Les époux MB ont souhaité faire édifier une maison d’habitation, sur un terrain leur appartenant.

C’est à ce titre qu’ils ont confié la construction de leur immeuble à Monsieur P. (constructeur), selon contrat en date du 12 avril 2010, et ce après avoir fait appel à la société BP (dessinateurs en bâtiment) pour une mission de permis de construire.

Afin de financer leur projet, ils ont conclu un contrat de prêt avec un organisme bancaire (prêteur) en date du 4 juin 2010.

Constatant de nombreuses malfaçons et non-façons sur leur bien, en cours de construction et avant réception, les époux MB ont sollicité une expertise judiciaire qui a été accordée selon ordonnance du 17 octobre 2011.

L’Expert judiciaire ayant conclu dans leur sens, ils ont dès lors assigné le constructeur, le dessinateur et le prêteur devant le Tribunal de Grande Instance (TGI) de Briey, aux fins de voir : -        Ordonner la requalification du contrat du 12 avril 2010 en contrat de construction de maison individuelle sans fourniture de plan, ainsi que sa nullité. -        Condamner solidairement et subsidiairement in solidum le constructeur, son assureur, ainsi que le dessinateur à les indemniser au titre de leur préjudice matériel. -        Déclarer nul et sans effet le contrat de prêt du 4 juin 2010. -        Condamner le prêteur à leur rembourser l’intégralité des remboursements effectués par eux au titre du prêt.

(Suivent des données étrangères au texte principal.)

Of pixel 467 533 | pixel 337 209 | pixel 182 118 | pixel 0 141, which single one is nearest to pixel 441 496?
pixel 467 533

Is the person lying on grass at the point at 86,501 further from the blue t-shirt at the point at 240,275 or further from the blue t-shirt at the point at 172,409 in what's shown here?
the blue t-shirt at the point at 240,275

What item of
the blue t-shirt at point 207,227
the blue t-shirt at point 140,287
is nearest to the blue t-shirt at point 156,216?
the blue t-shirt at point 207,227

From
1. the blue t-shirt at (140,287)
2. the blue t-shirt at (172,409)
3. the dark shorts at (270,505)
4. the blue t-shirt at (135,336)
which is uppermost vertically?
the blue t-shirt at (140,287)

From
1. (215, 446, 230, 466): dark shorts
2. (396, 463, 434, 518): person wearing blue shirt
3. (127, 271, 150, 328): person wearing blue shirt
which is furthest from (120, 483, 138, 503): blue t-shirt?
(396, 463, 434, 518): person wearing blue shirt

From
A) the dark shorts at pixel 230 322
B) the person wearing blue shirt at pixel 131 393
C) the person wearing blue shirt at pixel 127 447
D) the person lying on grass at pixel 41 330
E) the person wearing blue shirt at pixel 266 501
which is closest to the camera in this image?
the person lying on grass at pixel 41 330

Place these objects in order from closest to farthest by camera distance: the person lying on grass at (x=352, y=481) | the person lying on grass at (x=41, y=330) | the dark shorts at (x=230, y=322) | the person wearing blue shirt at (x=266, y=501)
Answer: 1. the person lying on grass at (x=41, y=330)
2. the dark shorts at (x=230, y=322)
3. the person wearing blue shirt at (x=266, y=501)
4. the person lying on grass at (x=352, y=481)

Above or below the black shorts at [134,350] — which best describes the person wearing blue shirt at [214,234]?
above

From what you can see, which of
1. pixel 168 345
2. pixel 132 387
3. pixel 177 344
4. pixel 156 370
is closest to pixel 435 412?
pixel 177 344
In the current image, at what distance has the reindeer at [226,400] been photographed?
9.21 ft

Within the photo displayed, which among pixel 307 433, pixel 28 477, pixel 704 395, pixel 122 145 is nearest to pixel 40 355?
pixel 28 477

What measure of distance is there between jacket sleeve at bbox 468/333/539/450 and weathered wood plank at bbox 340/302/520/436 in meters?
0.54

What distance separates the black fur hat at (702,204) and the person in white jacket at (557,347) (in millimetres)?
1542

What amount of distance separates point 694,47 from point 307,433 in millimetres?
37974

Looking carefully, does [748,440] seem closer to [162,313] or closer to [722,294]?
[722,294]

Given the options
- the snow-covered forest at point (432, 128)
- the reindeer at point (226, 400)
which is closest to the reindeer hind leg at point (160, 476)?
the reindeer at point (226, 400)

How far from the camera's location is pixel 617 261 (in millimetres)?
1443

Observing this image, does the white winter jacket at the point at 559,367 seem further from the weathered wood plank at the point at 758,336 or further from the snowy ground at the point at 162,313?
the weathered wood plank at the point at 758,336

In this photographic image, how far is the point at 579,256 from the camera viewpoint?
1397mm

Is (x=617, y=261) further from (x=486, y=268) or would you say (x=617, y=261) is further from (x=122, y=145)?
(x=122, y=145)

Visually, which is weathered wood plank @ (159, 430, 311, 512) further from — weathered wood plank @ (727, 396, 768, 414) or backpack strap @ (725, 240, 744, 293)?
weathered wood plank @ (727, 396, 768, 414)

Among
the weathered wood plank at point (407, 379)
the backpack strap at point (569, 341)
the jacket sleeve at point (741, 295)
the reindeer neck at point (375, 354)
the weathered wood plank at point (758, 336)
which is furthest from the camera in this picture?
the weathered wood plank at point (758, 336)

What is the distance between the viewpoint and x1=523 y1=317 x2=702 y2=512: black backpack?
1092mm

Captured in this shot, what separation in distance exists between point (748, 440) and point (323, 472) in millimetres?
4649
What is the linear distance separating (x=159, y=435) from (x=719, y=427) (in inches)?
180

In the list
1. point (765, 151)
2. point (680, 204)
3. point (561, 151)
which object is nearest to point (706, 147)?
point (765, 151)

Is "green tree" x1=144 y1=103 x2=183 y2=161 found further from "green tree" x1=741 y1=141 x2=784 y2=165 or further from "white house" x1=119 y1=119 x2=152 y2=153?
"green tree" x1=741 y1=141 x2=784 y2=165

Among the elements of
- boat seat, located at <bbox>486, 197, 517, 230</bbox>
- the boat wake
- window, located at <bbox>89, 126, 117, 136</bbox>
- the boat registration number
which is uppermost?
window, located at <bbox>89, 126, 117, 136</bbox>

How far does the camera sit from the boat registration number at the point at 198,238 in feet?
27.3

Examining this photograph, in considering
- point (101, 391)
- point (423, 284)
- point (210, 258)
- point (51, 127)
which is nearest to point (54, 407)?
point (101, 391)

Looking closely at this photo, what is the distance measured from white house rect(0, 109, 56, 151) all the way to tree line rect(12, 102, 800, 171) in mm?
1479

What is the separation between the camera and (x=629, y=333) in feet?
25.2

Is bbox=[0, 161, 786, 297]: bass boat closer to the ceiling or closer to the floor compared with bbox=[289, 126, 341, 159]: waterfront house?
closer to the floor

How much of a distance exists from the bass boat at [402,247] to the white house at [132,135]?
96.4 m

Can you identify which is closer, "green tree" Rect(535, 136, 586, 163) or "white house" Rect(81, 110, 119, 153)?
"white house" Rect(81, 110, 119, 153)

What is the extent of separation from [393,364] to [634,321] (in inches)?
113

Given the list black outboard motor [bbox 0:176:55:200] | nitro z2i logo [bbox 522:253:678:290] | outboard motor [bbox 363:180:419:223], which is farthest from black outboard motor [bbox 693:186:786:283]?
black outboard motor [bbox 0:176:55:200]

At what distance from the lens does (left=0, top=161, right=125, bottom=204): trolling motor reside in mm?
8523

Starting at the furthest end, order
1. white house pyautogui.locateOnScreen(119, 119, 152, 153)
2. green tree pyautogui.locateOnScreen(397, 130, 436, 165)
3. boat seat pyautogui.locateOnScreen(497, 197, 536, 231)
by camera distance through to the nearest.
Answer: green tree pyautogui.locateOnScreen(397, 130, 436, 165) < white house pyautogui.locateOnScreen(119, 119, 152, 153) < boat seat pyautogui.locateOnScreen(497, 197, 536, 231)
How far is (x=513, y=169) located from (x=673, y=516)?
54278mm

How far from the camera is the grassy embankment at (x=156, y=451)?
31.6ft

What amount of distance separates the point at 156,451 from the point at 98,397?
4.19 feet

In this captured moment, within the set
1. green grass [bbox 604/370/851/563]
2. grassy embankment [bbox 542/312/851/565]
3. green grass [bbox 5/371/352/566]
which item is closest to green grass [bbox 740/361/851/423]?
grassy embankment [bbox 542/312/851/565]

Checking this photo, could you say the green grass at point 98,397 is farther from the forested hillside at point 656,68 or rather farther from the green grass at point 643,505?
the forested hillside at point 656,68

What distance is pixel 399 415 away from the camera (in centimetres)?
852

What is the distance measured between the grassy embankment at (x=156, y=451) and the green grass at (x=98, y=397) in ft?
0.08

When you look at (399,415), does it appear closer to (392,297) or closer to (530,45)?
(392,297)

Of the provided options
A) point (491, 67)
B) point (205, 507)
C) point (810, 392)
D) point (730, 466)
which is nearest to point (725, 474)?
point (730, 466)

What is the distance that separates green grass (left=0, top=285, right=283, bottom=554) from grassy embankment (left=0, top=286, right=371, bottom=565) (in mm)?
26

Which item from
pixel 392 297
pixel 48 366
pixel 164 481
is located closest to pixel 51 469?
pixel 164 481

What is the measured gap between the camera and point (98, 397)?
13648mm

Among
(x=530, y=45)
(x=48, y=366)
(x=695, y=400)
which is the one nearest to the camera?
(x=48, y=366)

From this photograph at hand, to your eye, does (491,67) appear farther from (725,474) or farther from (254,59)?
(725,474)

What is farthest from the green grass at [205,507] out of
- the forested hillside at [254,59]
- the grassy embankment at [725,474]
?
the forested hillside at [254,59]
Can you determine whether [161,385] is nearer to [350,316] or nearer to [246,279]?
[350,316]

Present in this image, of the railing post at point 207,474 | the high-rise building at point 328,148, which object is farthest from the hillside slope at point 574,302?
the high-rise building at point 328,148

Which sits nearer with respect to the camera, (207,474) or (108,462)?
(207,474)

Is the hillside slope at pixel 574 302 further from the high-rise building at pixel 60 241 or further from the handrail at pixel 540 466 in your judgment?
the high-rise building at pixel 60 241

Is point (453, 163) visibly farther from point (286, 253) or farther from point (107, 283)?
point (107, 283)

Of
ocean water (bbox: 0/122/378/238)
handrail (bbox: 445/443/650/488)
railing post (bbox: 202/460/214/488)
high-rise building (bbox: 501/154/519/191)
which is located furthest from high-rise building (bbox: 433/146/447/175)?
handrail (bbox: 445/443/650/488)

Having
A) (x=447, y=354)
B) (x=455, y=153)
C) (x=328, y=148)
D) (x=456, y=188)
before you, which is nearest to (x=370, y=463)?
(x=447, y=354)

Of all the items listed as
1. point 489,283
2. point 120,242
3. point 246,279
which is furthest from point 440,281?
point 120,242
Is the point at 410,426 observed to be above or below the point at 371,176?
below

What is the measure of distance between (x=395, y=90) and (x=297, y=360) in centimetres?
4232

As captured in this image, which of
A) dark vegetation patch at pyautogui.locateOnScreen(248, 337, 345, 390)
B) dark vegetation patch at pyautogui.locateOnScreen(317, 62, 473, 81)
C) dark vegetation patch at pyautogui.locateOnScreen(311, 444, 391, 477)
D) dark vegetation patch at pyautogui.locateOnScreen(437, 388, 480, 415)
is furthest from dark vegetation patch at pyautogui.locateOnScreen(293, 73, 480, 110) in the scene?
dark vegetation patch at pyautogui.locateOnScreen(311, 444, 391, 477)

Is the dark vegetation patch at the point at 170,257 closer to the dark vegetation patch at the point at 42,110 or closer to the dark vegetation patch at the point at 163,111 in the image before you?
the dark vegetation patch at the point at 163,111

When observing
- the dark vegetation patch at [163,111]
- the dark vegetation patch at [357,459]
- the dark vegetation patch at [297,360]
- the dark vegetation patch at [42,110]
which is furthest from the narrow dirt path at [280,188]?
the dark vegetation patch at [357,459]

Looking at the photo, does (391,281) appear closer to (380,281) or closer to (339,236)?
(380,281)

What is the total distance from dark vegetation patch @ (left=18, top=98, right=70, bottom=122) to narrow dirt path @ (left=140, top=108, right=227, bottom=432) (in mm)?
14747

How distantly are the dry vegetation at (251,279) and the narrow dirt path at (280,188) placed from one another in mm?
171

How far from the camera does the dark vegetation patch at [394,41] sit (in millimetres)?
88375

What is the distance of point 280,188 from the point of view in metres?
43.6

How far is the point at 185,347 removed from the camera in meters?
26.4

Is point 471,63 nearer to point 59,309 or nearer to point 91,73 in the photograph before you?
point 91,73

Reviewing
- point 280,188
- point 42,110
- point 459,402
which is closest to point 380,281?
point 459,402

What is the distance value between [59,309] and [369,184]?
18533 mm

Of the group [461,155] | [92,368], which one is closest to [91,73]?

Les époux MB développent leur argumentation en deux axes principaux :

D’une part, ils font état des graves malfaçons qui grèvent leur bien, déplorant notamment la mauvaise implantation de l’immeuble et d’importantes fissures.

D’autre part, ils entendent obtenir la requalification du contrat conclu avec le constructeur, afin qu’il soit acté que ledit contrat correspond aux caractéristiques du contrat de construction de maison individuelle (CCMI) sans fourniture de plan tel que prévu à l’article L 232-1 du Code de la construction et de l’habitation (CCH)[1].

Cette requalification souhaitée par les demandeurs est nécessaire pour prouver que ledit contrat ne respecte pas plusieurs dispositions d’ordre public qui sont l’essence même du CCMI sans fourniture de plan.

Le TGI de Briey a statué en date du 30 mars 2017, en prononçant la nullité du contrat du 12 avril 2010 et condamnant in solidum le constructeur et le dessinateur à indemniser les maîtres de l’ouvrage au titre du préjudice matériel par eux subi, ainsi que la résolution du contrat de prêt et la condamnation du prêteur au remboursement de ce dernier.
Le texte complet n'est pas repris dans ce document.